Для Гаврилина подобный отзыв любимого Учителя и его благословение на последующее песенное творчество были очень значимы. Сам же он о своём творении рассуждал так: «…думаю, получилась песня «Два брата». <…> Критика называет её балладой. Мне большая честь: балладу написать ох как трудно!» [21, 183].
А 27 декабря 1974 года состоялась премьера спектакля по повести В. Тендрякова «Три мешка сорной пшеницы» (БДТ, постановка Г. Товстоногова, режиссёр Д. Либуркин, художник М. Ивницкий).
До последнего дня никто толком не знал — разрешат ли пьесу, состоится ли премьера. Постоянно ждали первого секретаря обкома Романова. А тот, по воспоминаниям О. Борисова, игравшего председателя колхоза, сообщил как-то Товстоногову: «Цените, Георгий Александрович, что я у вас до сих пор на «Мешках…» не был, цените! Если приду, спектакль придётся закрыть» [21, 181].
Спектакль в итоге состоялся. Для Гаврилина это была очень ответственная работа: со знаменитым режиссёром он сотрудничал впервые. А главные роли играли прекрасные актеры: Зинаида Шарко, Олег Борисов, Ефим Копелян. Для З. Шарко Гаврилин написал плач, который исполнялся в сцене после смерти Кистерёва. «Она причитала, по словам О. Борисова, как профессиональная вопленица, плачея. Как будто летали по залу сгустки угара» [Там же].
Много музыки Мастер написал к любовной сцене. Интересно, что, когда он принёс ноты, весь эпизод был уже поставлен Товстоноговым — но под воздействием тем Гаврилина Георгий Александрович всё поменял. «Первый раз встречаю такого режиссёра, который из-за музыки перестроил всю сцену», — удивлялся Гаврилин [Там же].
Между тем удивляться было нечему, по словам Товстоногова, «с первых эскизов музыкальных, которые <Гав-рилин > показал, было ощутимо ясно, как он удивительно тонко чувствует время, атмосферу, характер произведения.
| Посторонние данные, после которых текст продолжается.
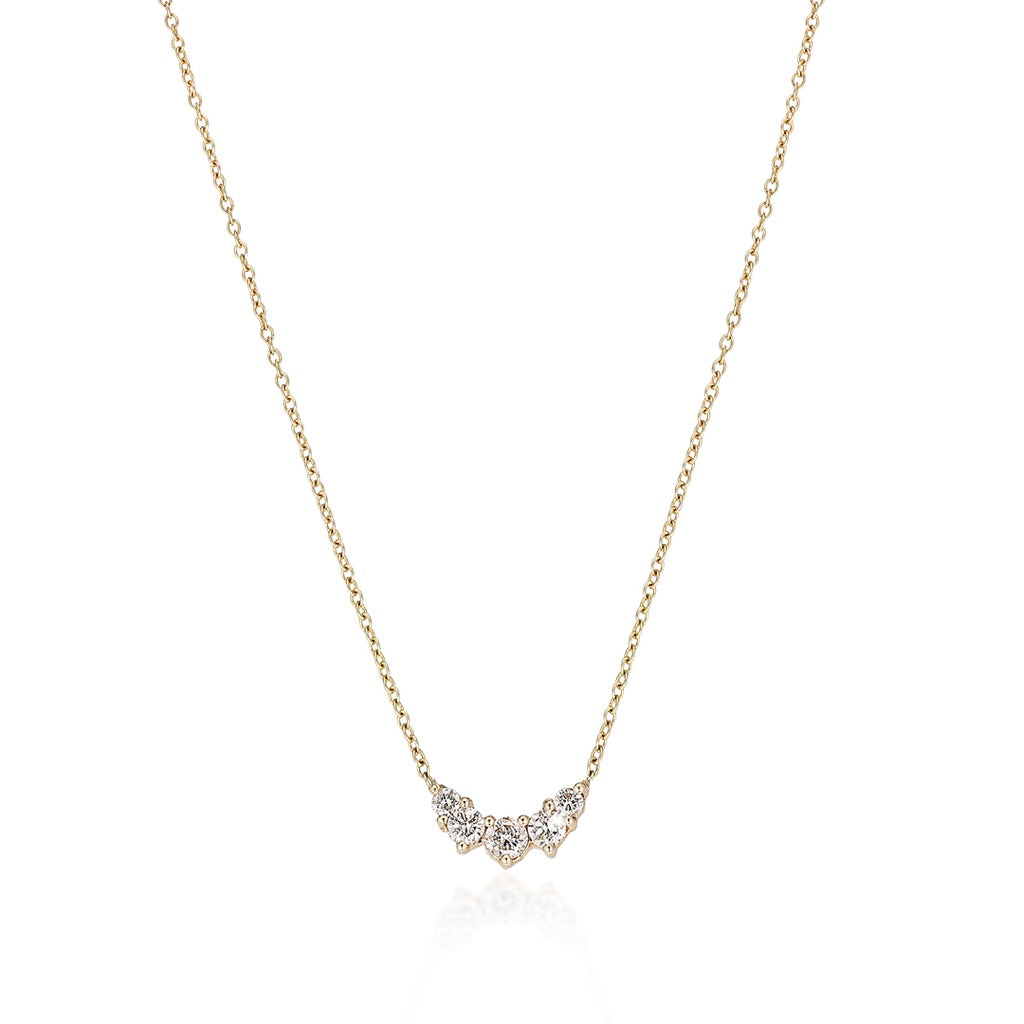 OLYMPIA, Poseidon Arch Necklace 0,32ct, Gold/White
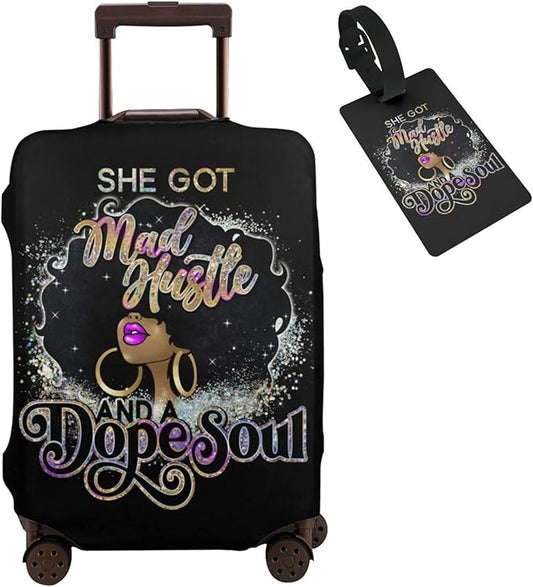 Travel Suitcase Protector Black Girl Elastic Protective Washable Luggage Cover With Concealed Zipper Suitable For 18-32 Inch (S (for 18--21 inch luggage))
Но когда стала появляться уже музыка в полном её звучании, то не только главная задача — органичное сплетение музыки и драматического действия поражало, а и самостоятельное звучание музыки так, казалось бы, противопоказанное театру, вдруг воздействовало с особой силой. Музыка по своей сути очень народная и в то же время настолько преображённая… Вот я сейчас ещё слышу тот детский хор, который звучит у нас в одной из центральных сцен спектакля, сопровождающий любовную сцену героя с героиней этого произведения. Передано всё. Вот, говорят, проверяют таким образом музыку к спектаклю — если убрать музыку, может состояться спектакль? В этом случае можно сказать на 100 процентов, спектакль без музыки Гаврилина состояться не мог» (из выступления режиссёра в фильме «Композитор Валерий Гаврилин», 1981) [42, 270–271].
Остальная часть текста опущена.